Items from a data source:
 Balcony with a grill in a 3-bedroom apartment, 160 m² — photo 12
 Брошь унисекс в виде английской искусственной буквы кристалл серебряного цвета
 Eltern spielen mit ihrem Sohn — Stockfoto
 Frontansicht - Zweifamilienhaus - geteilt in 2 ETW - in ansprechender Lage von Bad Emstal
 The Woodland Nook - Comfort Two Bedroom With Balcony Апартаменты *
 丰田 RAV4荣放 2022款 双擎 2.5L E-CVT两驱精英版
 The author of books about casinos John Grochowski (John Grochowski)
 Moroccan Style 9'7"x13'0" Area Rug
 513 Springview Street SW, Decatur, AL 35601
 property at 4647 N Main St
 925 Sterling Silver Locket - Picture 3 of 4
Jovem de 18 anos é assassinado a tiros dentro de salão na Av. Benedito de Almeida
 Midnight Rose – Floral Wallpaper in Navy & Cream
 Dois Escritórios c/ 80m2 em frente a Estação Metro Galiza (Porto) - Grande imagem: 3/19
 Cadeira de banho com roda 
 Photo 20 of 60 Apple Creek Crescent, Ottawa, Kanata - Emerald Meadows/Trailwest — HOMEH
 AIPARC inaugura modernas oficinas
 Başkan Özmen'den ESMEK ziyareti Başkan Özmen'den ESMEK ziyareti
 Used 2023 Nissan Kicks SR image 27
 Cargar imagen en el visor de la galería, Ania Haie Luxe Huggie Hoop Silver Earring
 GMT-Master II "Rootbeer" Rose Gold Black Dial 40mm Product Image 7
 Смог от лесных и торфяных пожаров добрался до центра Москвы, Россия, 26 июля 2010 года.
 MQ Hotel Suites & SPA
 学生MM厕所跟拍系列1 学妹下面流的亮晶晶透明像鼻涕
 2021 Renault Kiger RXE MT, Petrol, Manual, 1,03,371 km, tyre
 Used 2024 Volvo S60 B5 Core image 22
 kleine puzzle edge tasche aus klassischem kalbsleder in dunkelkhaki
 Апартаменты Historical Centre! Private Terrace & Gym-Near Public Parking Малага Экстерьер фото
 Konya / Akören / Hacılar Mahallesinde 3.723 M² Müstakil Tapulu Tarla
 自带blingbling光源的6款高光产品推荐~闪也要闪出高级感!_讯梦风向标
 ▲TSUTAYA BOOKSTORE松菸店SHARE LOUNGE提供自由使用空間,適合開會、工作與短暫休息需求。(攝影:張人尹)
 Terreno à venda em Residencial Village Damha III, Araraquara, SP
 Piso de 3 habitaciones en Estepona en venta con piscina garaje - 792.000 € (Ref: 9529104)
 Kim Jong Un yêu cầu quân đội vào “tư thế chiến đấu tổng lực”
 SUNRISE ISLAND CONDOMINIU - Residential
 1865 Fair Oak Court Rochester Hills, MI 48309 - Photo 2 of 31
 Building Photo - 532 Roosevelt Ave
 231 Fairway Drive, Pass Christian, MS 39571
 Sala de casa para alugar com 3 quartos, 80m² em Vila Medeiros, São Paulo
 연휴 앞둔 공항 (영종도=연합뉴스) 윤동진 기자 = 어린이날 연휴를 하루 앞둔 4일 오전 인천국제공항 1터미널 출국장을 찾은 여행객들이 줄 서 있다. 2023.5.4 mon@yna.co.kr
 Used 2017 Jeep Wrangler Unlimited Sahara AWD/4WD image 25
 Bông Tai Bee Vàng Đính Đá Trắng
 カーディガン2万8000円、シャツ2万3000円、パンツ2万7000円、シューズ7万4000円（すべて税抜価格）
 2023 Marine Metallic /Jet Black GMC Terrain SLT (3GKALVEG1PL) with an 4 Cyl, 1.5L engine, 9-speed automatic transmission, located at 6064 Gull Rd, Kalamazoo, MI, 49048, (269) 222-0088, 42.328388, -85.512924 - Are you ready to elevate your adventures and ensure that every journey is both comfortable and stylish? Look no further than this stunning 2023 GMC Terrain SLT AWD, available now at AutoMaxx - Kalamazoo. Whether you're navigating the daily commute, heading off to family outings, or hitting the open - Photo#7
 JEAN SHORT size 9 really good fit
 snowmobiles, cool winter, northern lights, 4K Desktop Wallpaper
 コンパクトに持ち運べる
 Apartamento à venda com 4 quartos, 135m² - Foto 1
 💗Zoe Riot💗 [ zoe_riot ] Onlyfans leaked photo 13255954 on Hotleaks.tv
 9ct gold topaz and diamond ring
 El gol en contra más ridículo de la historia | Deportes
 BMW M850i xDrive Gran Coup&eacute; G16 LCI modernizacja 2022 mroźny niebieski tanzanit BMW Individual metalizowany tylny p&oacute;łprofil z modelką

### Problem statement
Write every record out again exactly.

### Result of the task
 Balcony with a grill in a 3-bedroom apartment, 160 m² — photo 12
 Брошь унисекс в виде английской искусственной буквы кристалл серебряного цвета
 Eltern spielen mit ihrem Sohn — Stockfoto
 Frontansicht - Zweifamilienhaus - geteilt in 2 ETW - in ansprechender Lage von Bad Emstal
 The Woodland Nook - Comfort Two Bedroom With Balcony Апартаменты *
 丰田 RAV4荣放 2022款 双擎 2.5L E-CVT两驱精英版
 The author of books about casinos John Grochowski (John Grochowski)
 Moroccan Style 9'7"x13'0" Area Rug
 513 Springview Street SW, Decatur, AL 35601
 property at 4647 N Main St
 925 Sterling Silver Locket - Picture 3 of 4
Jovem de 18 anos é assassinado a tiros dentro de salão na Av. Benedito de Almeida
 Midnight Rose – Floral Wallpaper in Navy & Cream
 Dois Escritórios c/ 80m2 em frente a Estação Metro Galiza (Porto) - Grande imagem: 3/19
 Cadeira de banho com roda 
 Photo 20 of 60 Apple Creek Crescent, Ottawa, Kanata - Emerald Meadows/Trailwest — HOMEH
 AIPARC inaugura modernas oficinas
 Başkan Özmen'den ESMEK ziyareti Başkan Özmen'den ESMEK ziyareti
 Used 2023 Nissan Kicks SR image 27
 Cargar imagen en el visor de la galería, Ania Haie Luxe Huggie Hoop Silver Earring
 GMT-Master II "Rootbeer" Rose Gold Black Dial 40mm Product Image 7
 Смог от лесных и торфяных пожаров добрался до центра Москвы, Россия, 26 июля 2010 года.
 MQ Hotel Suites & SPA
 学生MM厕所跟拍系列1 学妹下面流的亮晶晶透明像鼻涕
 2021 Renault Kiger RXE MT, Petrol, Manual, 1,03,371 km, tyre
 Used 2024 Volvo S60 B5 Core image 22
 kleine puzzle edge tasche aus klassischem kalbsleder in dunkelkhaki
 Апартаменты Historical Centre! Private Terrace & Gym-Near Public Parking Малага Экстерьер фото
 Konya / Akören / Hacılar Mahallesinde 3.723 M² Müstakil Tapulu Tarla
 自带blingbling光源的6款高光产品推荐~闪也要闪出高级感!_讯梦风向标
 ▲TSUTAYA BOOKSTORE松菸店SHARE LOUNGE提供自由使用空間,適合開會、工作與短暫休息需求。(攝影:張人尹)
 Terreno à venda em Residencial Village Damha III, Araraquara, SP
 Piso de 3 habitaciones en Estepona en venta con piscina garaje - 792.000 € (Ref: 9529104)
 Kim Jong Un yêu cầu quân đội vào “tư thế chiến đấu tổng lực”
 SUNRISE ISLAND CONDOMINIU - Residential
 1865 Fair Oak Court Rochester Hills, MI 48309 - Photo 2 of 31
 Building Photo - 532 Roosevelt Ave
 231 Fairway Drive, Pass Christian, MS 39571
 Sala de casa para alugar com 3 quartos, 80m² em Vila Medeiros, São Paulo
 연휴 앞둔 공항 (영종도=연합뉴스) 윤동진 기자 = 어린이날 연휴를 하루 앞둔 4일 오전 인천국제공항 1터미널 출국장을 찾은 여행객들이 줄 서 있다. 2023.5.4 mon@yna.co.kr
 Used 2017 Jeep Wrangler Unlimited Sahara AWD/4WD image 25
 Bông Tai Bee Vàng Đính Đá Trắng
 カーディガン2万8000円、シャツ2万3000円、パンツ2万7000円、シューズ7万4000円（すべて税抜価格）
 2023 Marine Metallic /Jet Black GMC Terrain SLT (3GKALVEG1PL) with an 4 Cyl, 1.5L engine, 9-speed automatic transmission, located at 6064 Gull Rd, Kalamazoo, MI, 49048, (269) 222-0088, 42.328388, -85.512924 - Are you ready to elevate your adventures and ensure that every journey is both comfortable and stylish? Look no further than this stunning 2023 GMC Terrain SLT AWD, available now at AutoMaxx - Kalamazoo. Whether you're navigating the daily commute, heading off to family outings, or hitting the open - Photo#7
 JEAN SHORT size 9 really good fit
 snowmobiles, cool winter, northern lights, 4K Desktop Wallpaper
 コンパクトに持ち運べる
 Apartamento à venda com 4 quartos, 135m² - Foto 1
 💗Zoe Riot💗 [ zoe_riot ] Onlyfans leaked photo 13255954 on Hotleaks.tv
 9ct gold topaz and diamond ring
 El gol en contra más ridículo de la historia | Deportes
 BMW M850i xDrive Gran Coup&eacute; G16 LCI modernizacja 2022 mroźny niebieski tanzanit BMW Individual metalizowany tylny p&oacute;łprofil z modelką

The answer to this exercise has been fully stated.